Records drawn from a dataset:
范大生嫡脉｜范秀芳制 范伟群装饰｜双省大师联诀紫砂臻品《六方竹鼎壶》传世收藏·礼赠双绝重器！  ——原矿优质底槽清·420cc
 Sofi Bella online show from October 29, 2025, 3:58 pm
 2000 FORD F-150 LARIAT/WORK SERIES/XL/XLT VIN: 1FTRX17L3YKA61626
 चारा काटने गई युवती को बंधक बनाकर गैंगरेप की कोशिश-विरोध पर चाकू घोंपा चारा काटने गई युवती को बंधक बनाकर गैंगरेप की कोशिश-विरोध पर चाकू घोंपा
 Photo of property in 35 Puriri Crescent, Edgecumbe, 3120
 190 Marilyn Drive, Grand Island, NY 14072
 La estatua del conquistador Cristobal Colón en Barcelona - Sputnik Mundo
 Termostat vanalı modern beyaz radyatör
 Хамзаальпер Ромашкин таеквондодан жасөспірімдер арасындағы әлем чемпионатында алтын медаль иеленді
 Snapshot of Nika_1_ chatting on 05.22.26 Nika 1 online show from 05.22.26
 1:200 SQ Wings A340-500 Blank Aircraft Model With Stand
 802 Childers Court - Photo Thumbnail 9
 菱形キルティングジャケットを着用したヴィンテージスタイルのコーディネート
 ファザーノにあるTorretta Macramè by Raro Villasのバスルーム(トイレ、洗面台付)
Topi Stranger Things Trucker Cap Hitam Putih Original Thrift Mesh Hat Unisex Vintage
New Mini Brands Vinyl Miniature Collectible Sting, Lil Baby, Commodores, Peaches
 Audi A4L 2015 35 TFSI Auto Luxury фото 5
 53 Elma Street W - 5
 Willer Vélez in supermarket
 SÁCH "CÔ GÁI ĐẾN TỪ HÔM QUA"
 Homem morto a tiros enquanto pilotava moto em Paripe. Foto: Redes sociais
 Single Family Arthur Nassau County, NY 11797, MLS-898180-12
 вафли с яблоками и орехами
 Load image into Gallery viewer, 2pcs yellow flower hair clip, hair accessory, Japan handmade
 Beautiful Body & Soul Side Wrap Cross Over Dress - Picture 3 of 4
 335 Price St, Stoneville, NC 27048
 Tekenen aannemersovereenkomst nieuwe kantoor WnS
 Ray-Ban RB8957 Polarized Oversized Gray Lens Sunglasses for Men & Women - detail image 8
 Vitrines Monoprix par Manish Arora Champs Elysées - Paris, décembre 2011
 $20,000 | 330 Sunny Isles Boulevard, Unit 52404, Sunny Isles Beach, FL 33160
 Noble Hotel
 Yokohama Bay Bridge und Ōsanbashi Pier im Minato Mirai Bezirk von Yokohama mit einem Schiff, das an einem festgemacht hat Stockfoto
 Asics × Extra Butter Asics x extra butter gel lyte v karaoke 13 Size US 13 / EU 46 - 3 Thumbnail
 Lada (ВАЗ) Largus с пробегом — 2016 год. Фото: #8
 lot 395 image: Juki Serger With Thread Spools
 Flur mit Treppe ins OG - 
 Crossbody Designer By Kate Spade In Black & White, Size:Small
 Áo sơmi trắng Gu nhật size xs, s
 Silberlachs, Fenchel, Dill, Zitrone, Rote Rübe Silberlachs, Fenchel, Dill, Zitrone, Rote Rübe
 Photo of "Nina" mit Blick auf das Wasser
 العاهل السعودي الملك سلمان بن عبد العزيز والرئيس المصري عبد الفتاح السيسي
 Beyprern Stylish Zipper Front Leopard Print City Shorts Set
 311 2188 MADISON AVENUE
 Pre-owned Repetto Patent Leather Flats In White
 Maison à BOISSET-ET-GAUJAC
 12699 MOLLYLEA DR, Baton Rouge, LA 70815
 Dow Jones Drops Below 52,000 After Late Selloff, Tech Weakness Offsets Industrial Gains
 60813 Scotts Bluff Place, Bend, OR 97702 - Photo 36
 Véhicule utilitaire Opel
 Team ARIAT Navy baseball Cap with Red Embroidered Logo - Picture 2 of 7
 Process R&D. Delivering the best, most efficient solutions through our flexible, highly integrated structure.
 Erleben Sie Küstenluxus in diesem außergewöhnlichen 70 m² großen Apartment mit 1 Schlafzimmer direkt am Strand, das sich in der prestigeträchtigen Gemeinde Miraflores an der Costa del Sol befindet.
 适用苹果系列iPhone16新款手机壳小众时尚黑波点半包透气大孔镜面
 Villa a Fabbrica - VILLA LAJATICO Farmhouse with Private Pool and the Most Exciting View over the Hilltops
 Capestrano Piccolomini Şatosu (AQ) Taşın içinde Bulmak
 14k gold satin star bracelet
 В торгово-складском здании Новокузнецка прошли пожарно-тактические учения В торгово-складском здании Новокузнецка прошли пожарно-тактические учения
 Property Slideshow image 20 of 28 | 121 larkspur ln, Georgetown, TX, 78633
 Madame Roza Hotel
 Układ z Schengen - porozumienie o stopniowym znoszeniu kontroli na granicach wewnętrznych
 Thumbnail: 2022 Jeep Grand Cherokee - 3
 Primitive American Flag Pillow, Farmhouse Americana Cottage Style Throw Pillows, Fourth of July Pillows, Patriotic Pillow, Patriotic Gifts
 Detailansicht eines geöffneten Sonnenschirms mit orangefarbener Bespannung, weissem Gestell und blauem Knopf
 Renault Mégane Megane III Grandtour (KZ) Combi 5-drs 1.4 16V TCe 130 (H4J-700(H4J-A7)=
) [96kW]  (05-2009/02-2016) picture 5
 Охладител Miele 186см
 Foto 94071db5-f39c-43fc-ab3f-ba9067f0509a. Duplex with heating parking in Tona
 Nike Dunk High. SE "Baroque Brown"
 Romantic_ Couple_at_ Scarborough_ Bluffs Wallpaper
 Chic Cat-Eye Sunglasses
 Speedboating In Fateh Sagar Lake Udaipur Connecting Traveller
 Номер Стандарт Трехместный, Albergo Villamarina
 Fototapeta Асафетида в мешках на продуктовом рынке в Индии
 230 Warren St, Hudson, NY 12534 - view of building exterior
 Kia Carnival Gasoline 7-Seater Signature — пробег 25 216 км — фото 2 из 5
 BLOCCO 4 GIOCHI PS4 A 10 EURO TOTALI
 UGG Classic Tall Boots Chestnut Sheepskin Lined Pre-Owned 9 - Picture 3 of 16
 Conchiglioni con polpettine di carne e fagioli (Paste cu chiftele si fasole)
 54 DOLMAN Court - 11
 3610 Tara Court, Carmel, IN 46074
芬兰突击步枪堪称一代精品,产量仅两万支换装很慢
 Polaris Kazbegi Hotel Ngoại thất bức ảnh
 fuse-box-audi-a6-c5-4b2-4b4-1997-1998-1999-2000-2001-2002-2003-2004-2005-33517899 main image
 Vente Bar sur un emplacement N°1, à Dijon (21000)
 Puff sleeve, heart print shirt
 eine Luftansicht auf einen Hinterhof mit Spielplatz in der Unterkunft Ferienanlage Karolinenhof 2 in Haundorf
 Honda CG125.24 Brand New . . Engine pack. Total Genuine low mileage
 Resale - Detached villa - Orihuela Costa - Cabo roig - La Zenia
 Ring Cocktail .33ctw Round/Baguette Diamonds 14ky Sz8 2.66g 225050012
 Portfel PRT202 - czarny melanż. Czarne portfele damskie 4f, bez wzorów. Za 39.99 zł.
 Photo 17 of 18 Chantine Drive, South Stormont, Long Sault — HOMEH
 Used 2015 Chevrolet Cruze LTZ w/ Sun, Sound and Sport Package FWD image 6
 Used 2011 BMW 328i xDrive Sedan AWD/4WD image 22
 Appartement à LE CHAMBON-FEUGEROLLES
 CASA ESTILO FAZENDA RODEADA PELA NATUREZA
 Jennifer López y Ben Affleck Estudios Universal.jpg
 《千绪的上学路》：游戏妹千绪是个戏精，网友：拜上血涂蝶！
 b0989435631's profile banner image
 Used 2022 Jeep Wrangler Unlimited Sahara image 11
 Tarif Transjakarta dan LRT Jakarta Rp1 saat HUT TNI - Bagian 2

WHAT YOU SHOULD DO: Write down exactly the span of lines above from the one containing "Single Family Arthur" to the one containing "Dow Jones Drops", both ends included.

SOLUTION TO THE PROBLEM:
 Single Family Arthur Nassau County, NY 11797, MLS-898180-12
 вафли с яблоками и орехами
 Load image into Gallery viewer, 2pcs yellow flower hair clip, hair accessory, Japan handmade
 Beautiful Body & Soul Side Wrap Cross Over Dress - Picture 3 of 4
 335 Price St, Stoneville, NC 27048
 Tekenen aannemersovereenkomst nieuwe kantoor WnS
 Ray-Ban RB8957 Polarized Oversized Gray Lens Sunglasses for Men & Women - detail image 8
 Vitrines Monoprix par Manish Arora Champs Elysées - Paris, décembre 2011
 $20,000 | 330 Sunny Isles Boulevard, Unit 52404, Sunny Isles Beach, FL 33160
 Noble Hotel
 Yokohama Bay Bridge und Ōsanbashi Pier im Minato Mirai Bezirk von Yokohama mit einem Schiff, das an einem festgemacht hat Stockfoto
 Asics × Extra Butter Asics x extra butter gel lyte v karaoke 13 Size US 13 / EU 46 - 3 Thumbnail
 Lada (ВАЗ) Largus с пробегом — 2016 год. Фото: #8
 lot 395 image: Juki Serger With Thread Spools
 Flur mit Treppe ins OG - 
 Crossbody Designer By Kate Spade In Black & White, Size:Small
 Áo sơmi trắng Gu nhật size xs, s
 Silberlachs, Fenchel, Dill, Zitrone, Rote Rübe Silberlachs, Fenchel, Dill, Zitrone, Rote Rübe
 Photo of "Nina" mit Blick auf das Wasser
 العاهل السعودي الملك سلمان بن عبد العزيز والرئيس المصري عبد الفتاح السيسي
 Beyprern Stylish Zipper Front Leopard Print City Shorts Set
 311 2188 MADISON AVENUE
 Pre-owned Repetto Patent Leather Flats In White
 Maison à BOISSET-ET-GAUJAC
 12699 MOLLYLEA DR, Baton Rouge, LA 70815
 Dow Jones Drops Below 52,000 After Late Selloff, Tech Weakness Offsets Industrial Gains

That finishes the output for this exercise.